I always wanted a Hallmark sister, I longed to buy one of those cards that said “To My Sister And Best Friend” but I couldn’t. I wanted us to be the two sisters in the photograph above, loving, sweet, bound by an indescribable connection. I wanted an older sister to play with me, someone I could rely on for support and warmth. Someone that would teach me things about boys and make-up but our five and a half-year difference and our different styles made it hard if not impossible. She probably wanted another person like herself, more adventurous and wild but we can’t seem to meet half way on anything.

I love my sister, I wish we weren’t that different but we are. Understanding each other will never happen; now we are trying for acceptance but that’s really hard too. I wish my sister was my friend, I wish she was my best friend but she isn’t. I wish we didn’t have the complicated emotional history we have; we’re the Yankees vs the Red Sox, the chocolate to vanilla, our pet names for each other were “stupid” and “ugly” and that just sounds so wrong. But, we were also “tuna fish” as we said good-night to each other through a fake wall partition and “peanut butter,” and that exchange usually lasted a good ten or fifteen minutes or more. Until one of us started to get tired and then we would ask good-naturedly “What time is it?” just to prolong our simple game.

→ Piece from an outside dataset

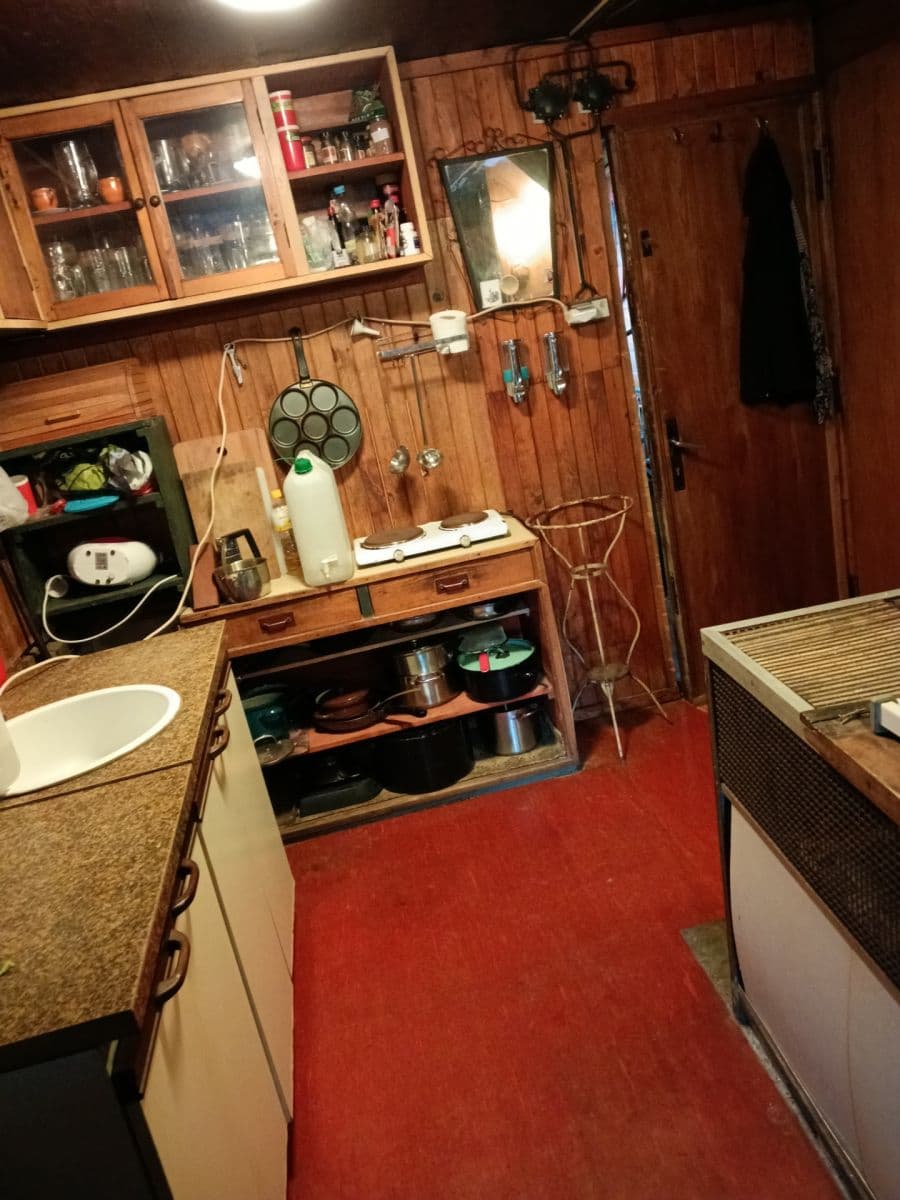 Predaj rekreačného objektu 35 m², pozemek 120 m², Na babách, Petrov, Středočeský kraj Predaj rekreačného objektu 35 m², pozemek 120 m², Na babách, Petrov, Středočeský kraj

My most favorite memories when we were older and our parents would still be sleeping but she and I would wake up and gather around the kitchen’s white formica table and sip coffee together and talk. In the end, she is my only sibling and when our mother dies we will have our history and memories to link us together. Maybe then, we will be able to put away our differences and cling to what we have left: each other.